### WORK TASK:
The full listing is to be written out again, unchanged.

===== DATA PROVIDED

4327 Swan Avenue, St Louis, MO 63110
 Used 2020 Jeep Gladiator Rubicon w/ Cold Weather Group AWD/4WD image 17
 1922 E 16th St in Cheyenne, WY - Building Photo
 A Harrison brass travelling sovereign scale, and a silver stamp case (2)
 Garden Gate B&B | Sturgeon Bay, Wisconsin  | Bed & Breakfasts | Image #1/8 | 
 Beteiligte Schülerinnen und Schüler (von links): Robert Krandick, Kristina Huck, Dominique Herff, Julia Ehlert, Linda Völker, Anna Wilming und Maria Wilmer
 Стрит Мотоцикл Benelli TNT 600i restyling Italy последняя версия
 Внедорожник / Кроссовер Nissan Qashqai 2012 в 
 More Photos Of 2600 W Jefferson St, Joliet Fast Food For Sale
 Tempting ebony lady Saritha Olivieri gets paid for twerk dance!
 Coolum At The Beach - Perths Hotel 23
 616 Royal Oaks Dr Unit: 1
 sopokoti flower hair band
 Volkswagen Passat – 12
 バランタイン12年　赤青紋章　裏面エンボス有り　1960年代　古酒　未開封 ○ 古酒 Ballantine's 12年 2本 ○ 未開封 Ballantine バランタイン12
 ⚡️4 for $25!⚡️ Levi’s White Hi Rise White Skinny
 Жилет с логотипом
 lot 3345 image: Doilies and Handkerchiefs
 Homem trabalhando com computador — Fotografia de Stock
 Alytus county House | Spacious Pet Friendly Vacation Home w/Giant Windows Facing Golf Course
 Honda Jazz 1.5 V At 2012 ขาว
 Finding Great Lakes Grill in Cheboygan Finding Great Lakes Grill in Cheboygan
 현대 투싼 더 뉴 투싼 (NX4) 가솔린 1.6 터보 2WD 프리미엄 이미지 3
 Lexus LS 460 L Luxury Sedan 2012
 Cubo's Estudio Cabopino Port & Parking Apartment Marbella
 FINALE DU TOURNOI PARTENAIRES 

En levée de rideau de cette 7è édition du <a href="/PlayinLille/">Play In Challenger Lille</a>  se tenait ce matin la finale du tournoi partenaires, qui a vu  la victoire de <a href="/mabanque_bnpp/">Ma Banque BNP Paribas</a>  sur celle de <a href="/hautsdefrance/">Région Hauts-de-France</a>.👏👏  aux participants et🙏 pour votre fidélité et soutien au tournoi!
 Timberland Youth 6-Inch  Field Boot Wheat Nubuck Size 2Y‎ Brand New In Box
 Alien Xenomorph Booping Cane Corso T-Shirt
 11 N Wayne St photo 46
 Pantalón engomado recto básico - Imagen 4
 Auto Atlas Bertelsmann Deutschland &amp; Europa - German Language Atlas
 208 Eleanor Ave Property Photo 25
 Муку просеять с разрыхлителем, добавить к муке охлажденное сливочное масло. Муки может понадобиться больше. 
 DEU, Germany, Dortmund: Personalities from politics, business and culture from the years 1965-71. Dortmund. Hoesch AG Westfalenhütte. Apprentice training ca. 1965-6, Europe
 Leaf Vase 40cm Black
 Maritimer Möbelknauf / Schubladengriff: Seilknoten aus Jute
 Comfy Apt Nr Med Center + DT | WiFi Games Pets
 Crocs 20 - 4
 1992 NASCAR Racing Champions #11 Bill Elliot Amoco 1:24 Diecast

==========

### OUTPUT OF THE EXERCISE:
4327 Swan Avenue, St Louis, MO 63110
 Used 2020 Jeep Gladiator Rubicon w/ Cold Weather Group AWD/4WD image 17
 1922 E 16th St in Cheyenne, WY - Building Photo
 A Harrison brass travelling sovereign scale, and a silver stamp case (2)
 Garden Gate B&B | Sturgeon Bay, Wisconsin  | Bed & Breakfasts | Image #1/8 | 
 Beteiligte Schülerinnen und Schüler (von links): Robert Krandick, Kristina Huck, Dominique Herff, Julia Ehlert, Linda Völker, Anna Wilming und Maria Wilmer
 Стрит Мотоцикл Benelli TNT 600i restyling Italy последняя версия
 Внедорожник / Кроссовер Nissan Qashqai 2012 в 
 More Photos Of 2600 W Jefferson St, Joliet Fast Food For Sale
 Tempting ebony lady Saritha Olivieri gets paid for twerk dance!
 Coolum At The Beach - Perths Hotel 23
 616 Royal Oaks Dr Unit: 1
 sopokoti flower hair band
 Volkswagen Passat – 12
 バランタイン12年　赤青紋章　裏面エンボス有り　1960年代　古酒　未開封 ○ 古酒 Ballantine's 12年 2本 ○ 未開封 Ballantine バランタイン12
 ⚡️4 for $25!⚡️ Levi’s White Hi Rise White Skinny
 Жилет с логотипом
 lot 3345 image: Doilies and Handkerchiefs
 Homem trabalhando com computador — Fotografia de Stock
 Alytus county House | Spacious Pet Friendly Vacation Home w/Giant Windows Facing Golf Course
 Honda Jazz 1.5 V At 2012 ขาว
 Finding Great Lakes Grill in Cheboygan Finding Great Lakes Grill in Cheboygan
 현대 투싼 더 뉴 투싼 (NX4) 가솔린 1.6 터보 2WD 프리미엄 이미지 3
 Lexus LS 460 L Luxury Sedan 2012
 Cubo's Estudio Cabopino Port & Parking Apartment Marbella
 FINALE DU TOURNOI PARTENAIRES 

En levée de rideau de cette 7è édition du <a href="/PlayinLille/">Play In Challenger Lille</a>  se tenait ce matin la finale du tournoi partenaires, qui a vu  la victoire de <a href="/mabanque_bnpp/">Ma Banque BNP Paribas</a>  sur celle de <a href="/hautsdefrance/">Région Hauts-de-France</a>.👏👏  aux participants et🙏 pour votre fidélité et soutien au tournoi!
 Timberland Youth 6-Inch  Field Boot Wheat Nubuck Size 2Y‎ Brand New In Box
 Alien Xenomorph Booping Cane Corso T-Shirt
 11 N Wayne St photo 46
 Pantalón engomado recto básico - Imagen 4
 Auto Atlas Bertelsmann Deutschland &amp; Europa - German Language Atlas
 208 Eleanor Ave Property Photo 25
 Муку просеять с разрыхлителем, добавить к муке охлажденное сливочное масло. Муки может понадобиться больше. 
 DEU, Germany, Dortmund: Personalities from politics, business and culture from the years 1965-71. Dortmund. Hoesch AG Westfalenhütte. Apprentice training ca. 1965-6, Europe
 Leaf Vase 40cm Black
 Maritimer Möbelknauf / Schubladengriff: Seilknoten aus Jute
 Comfy Apt Nr Med Center + DT | WiFi Games Pets
 Crocs 20 - 4
 1992 NASCAR Racing Champions #11 Bill Elliot Amoco 1:24 Diecast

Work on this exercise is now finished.